What Is the First Home Loan Deposit Scheme?

The First Home Loan Deposit Scheme allows first home buyers with deposits as low as 5% to get a home loan without paying Lenders Mortgage Insurance (LMI) fees.

Based on average purchase prices in the capital cities, first home buyers can save anywhere between $10,000 and $30,000 in LMI fees with this scheme.

When does the First Home Loan Deposit Scheme start?

The First Home Loan Deposit Scheme will start from 1 January 2020.

This $500 million scheme will be given out on a first-come, first-serve basis.

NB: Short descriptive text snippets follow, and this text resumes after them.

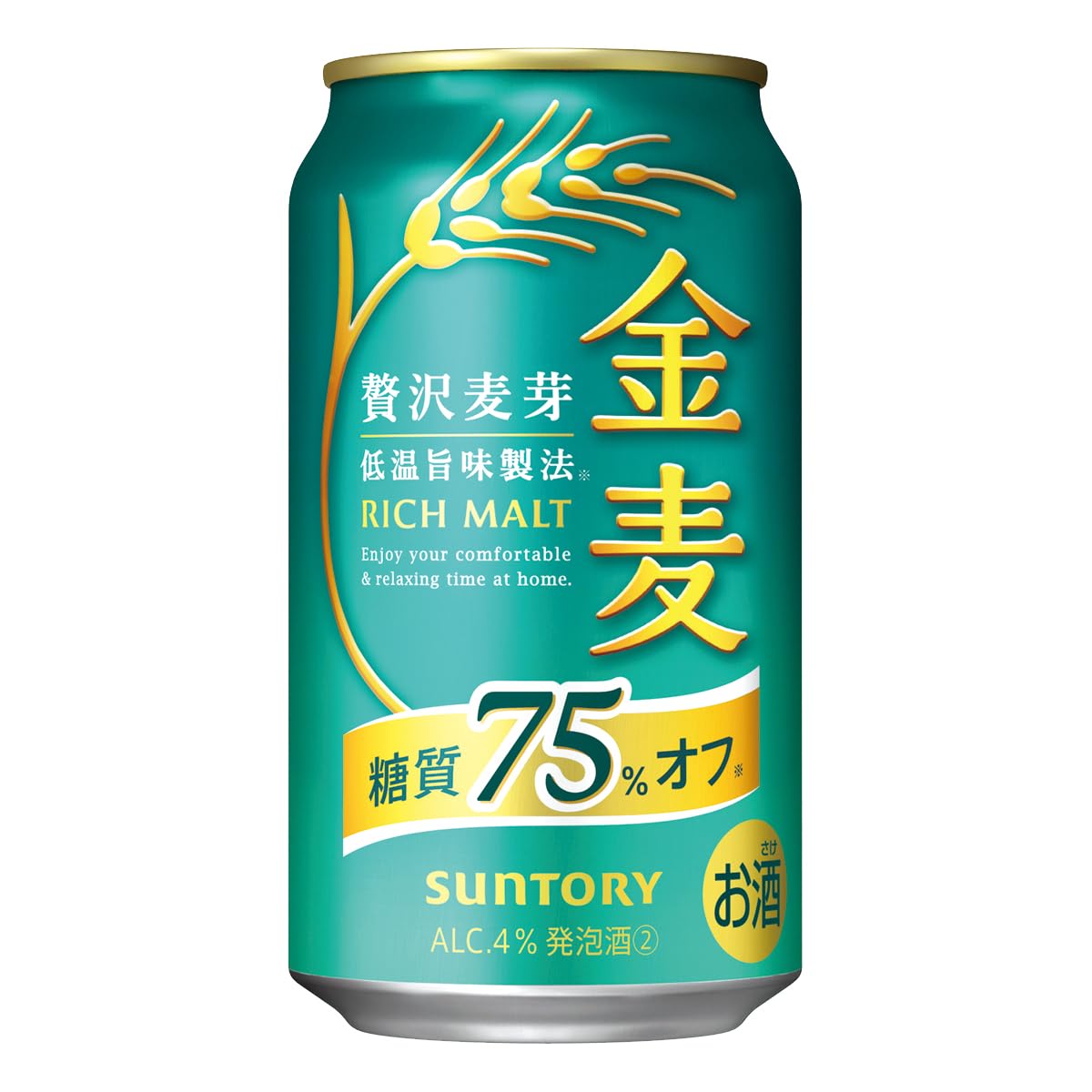 Amazon.co.jp: サントリー 金麦 糖質75%オフ 缶350ml×24本入【×2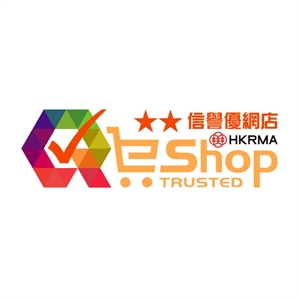 Recognize quality e-shops to raise consumers' confidence 

E-tailer (with membership fee at HK$ 3,180 / HK$10,000) can enjoy "All-round Plan" for "Quality Trusted E-Shop"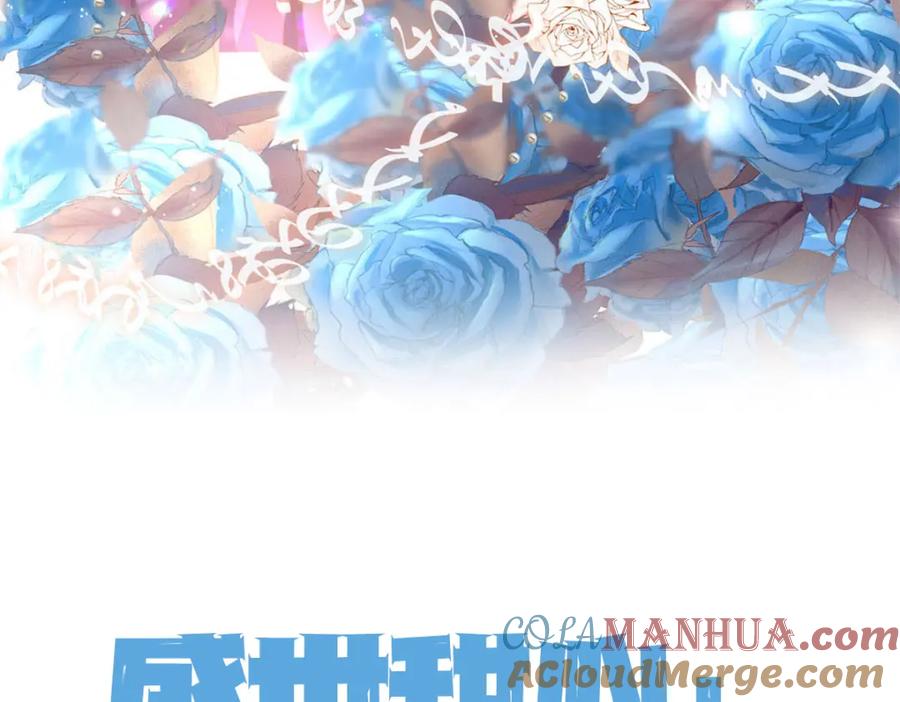 第57话魔界黑森林-盛世甜心：我被俘虏了-左岸卡漫（第2张）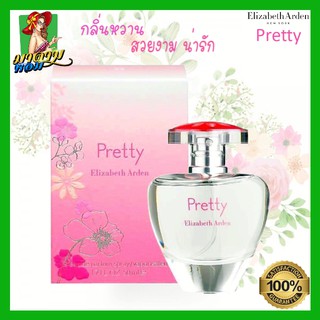 [แท้💯%] น้ำหอมผู้หญิง อลิสซาเบส Elizabeth Arden Pretty for women EDP 100 ml. (พร้อมส่ง+กล่องซีล)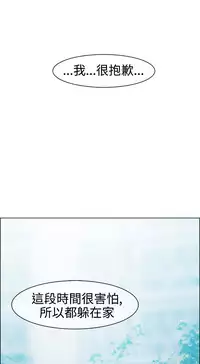 [Studio Gale] Lady Garden 淑女花苑 第一季 [Chinese]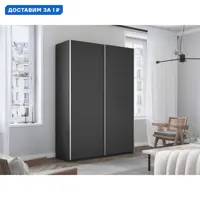 слайд 0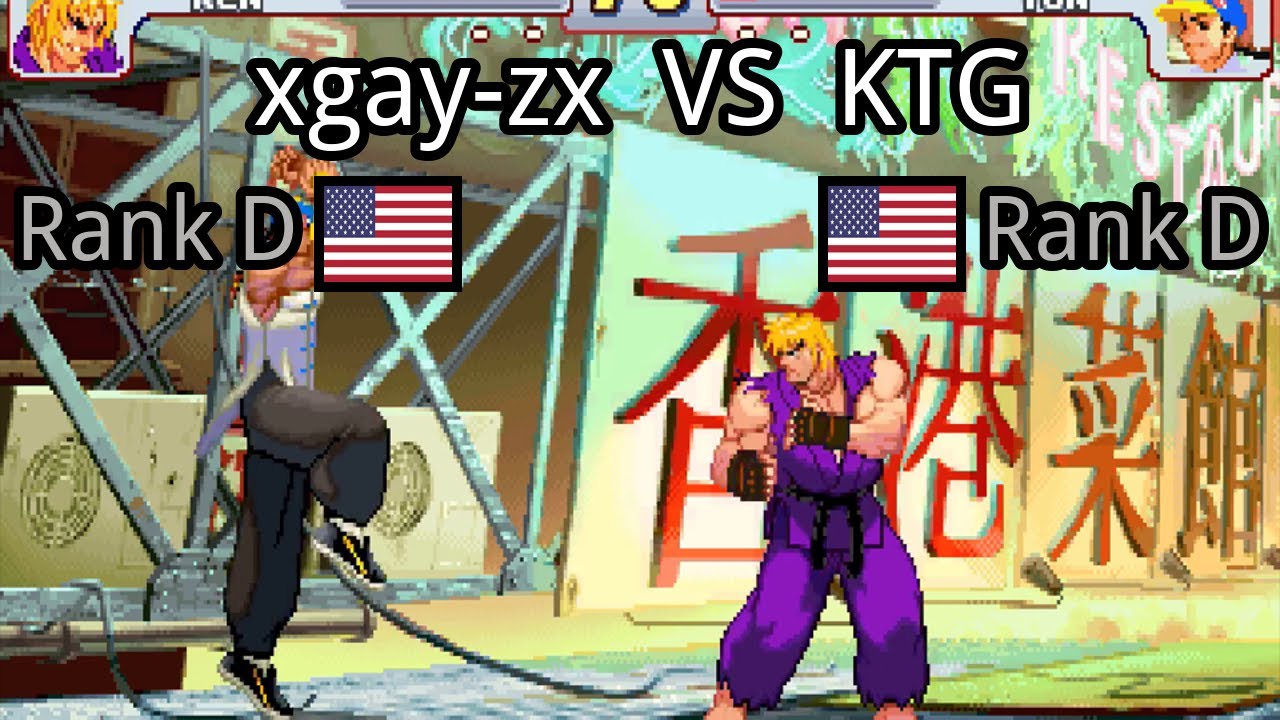 Street Fighter III: 3rd Strike: xgay-zx (US, Rank D) vs KTG (US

Applications for the scheme are not yet open.

Who is eligible?

There are several eligibility criteria first home buyers must meet to qualify for the first home loan deposit scheme:

  • A minimum deposit of at least 5% is needed.
  • Only Australian citizens who are at least 18 years of age are eligible. Permanent residents are not eligible.
  • Single first-home buyers earning up to $125,000 p.a. or couples earning up to $200,000 p.a. are eligible. Income from the financial year preceding the year in which the loan is entered into will be assessed.
  • Couples are only eligible for the scheme if they are married or in a de-facto relationship. Other persons buying together, such as siblings, parent/child or friends, are not eligible.
  • Loans under this scheme require scheduled repayments of the principal of the loan for the full period of the agreement. Interest-only repayments for a specific period are accepted only for loans relating to both the purchase of vacant land to the construction of a house on the land.
  • Applicants must be first home buyers who’ve not previously owned or had an interest in a residential property either separately or jointly with someone else. This includes residential strata, company title properties, regardless of whether it was an investment or owner-occupied property and whether it was ever lived in.
  • Applicants must intend to move into and live in the property as their principal place of residence (i.e. they must be owner-occupiers).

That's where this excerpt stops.